College athletics have transformed with the advent of new name, image, and likeness (NIL) policies, permitting student-athletes to earn compensation in exchange for the use of their NILs. This development was driven by a series of court decisions, ultimately constraining the National Collegiate Athletic Association’s (NCAA) authority and capacity to enforce its compensation-prohibiting rules. State legislatures have adopted NIL laws in an effort to obtain competitive advantages for in-state educational institutions (“institutions”), resulting in a patchwork of NIL regulations across the United States. In the midst of this varied NIL regulatory landscape, the NCAA is ill-equipped to enforce NIL rules, the market values of NILs are shrouded in mystery, and entities unaffiliated with institutions have been able to avoid accountability for sex discrimination. Though numerous federal NIL bills have been proposed in both the House and Senate, no proposal has gained traction due to the inclusion of controversial provisions.

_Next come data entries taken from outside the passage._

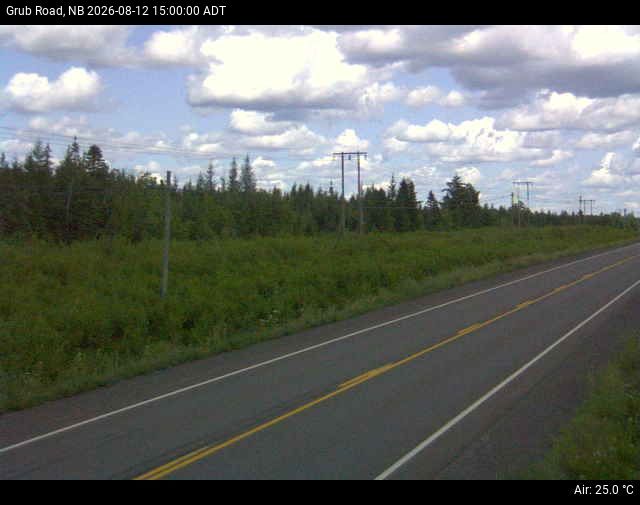 Web Cam image of Grub Road (NB Highway 10)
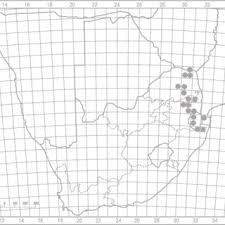 Image result for Syncolostemon flabellifolius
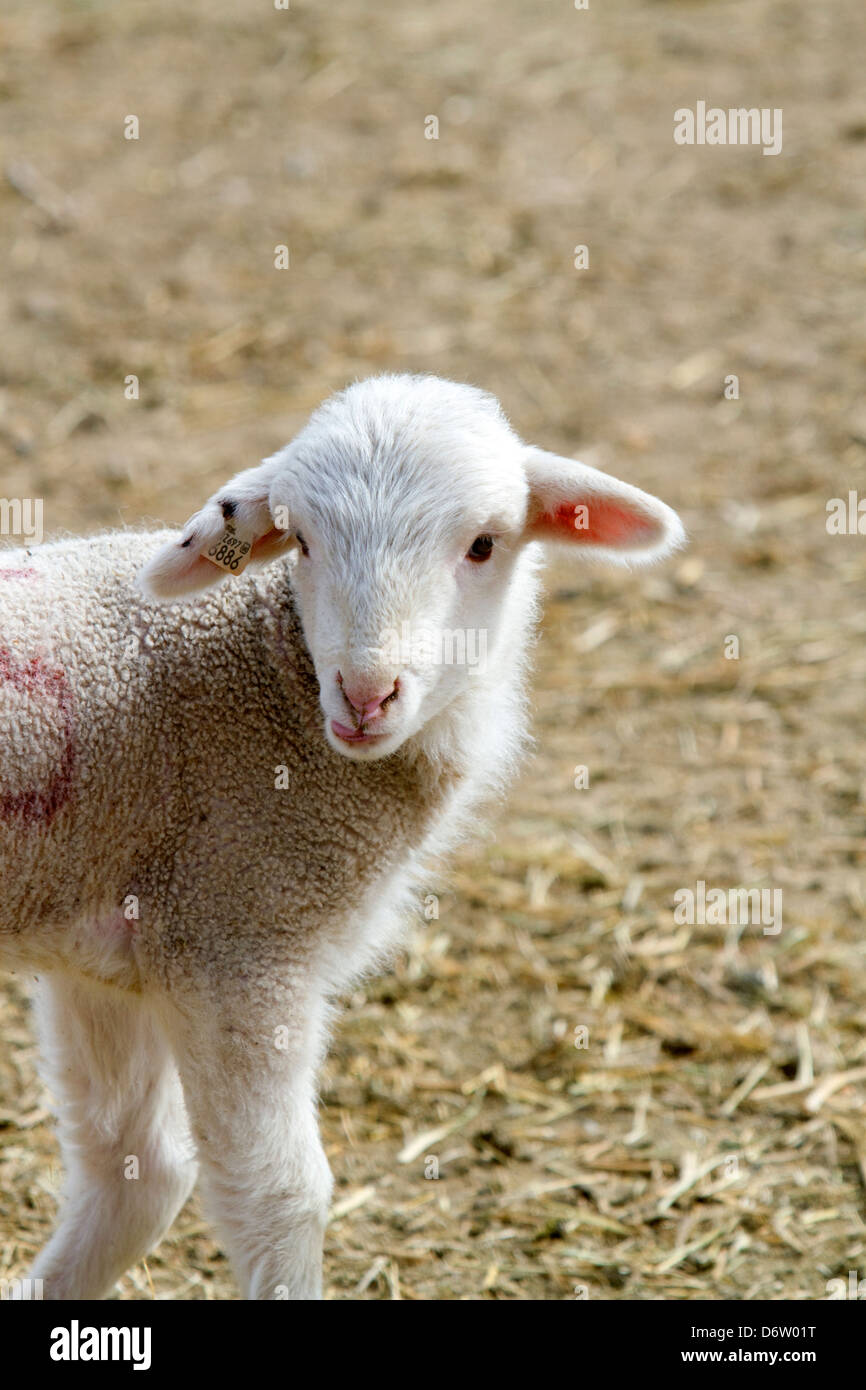 Lamm auf einer Schaf-Ranch in der Nähe von Emmett, Idaho, USA. Stockfoto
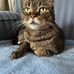 Mary A. Ehmann - Facebook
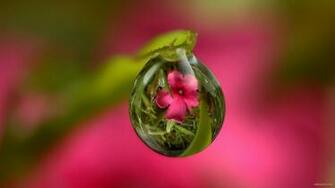 Macro Photography Of Water Id Buzzerg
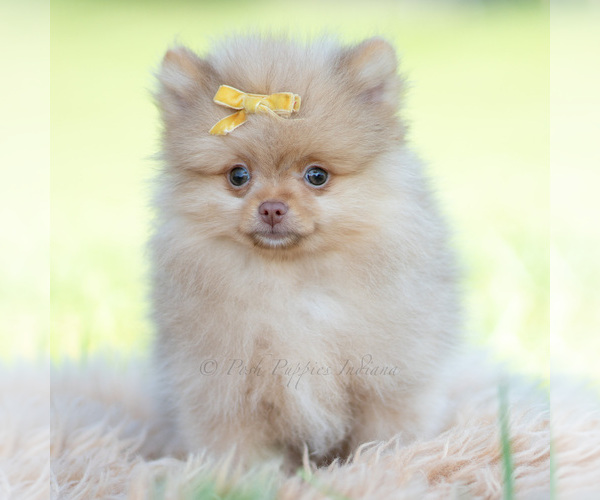 Medium Photo #3 Pomeranian Puppy For Sale in WARSAW, IN, USA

This Comment proposes a comprehensive federal scheme for NIL regulation, combining core provisions from state NIL laws, considering the failures of previous federal proposals, and addressing issues regarding the actions of collectives in the NIL dealmaking process. Specifically, this federal scheme calls for the creation of a central oversight entity with subpoena power to regulate the NIL marketplace, an express preemption of state NIL laws, the incorporation of foundational provisions from state NIL legislation, mandatory disclosure of NIL deals, the participation of institutions in the dealmaking process, and a requirement for collectives to affiliate with institutions. The combination of these provisions would allow student-athletes to earn fair market NIL compensation while being protected from discrimination in the dealmaking process.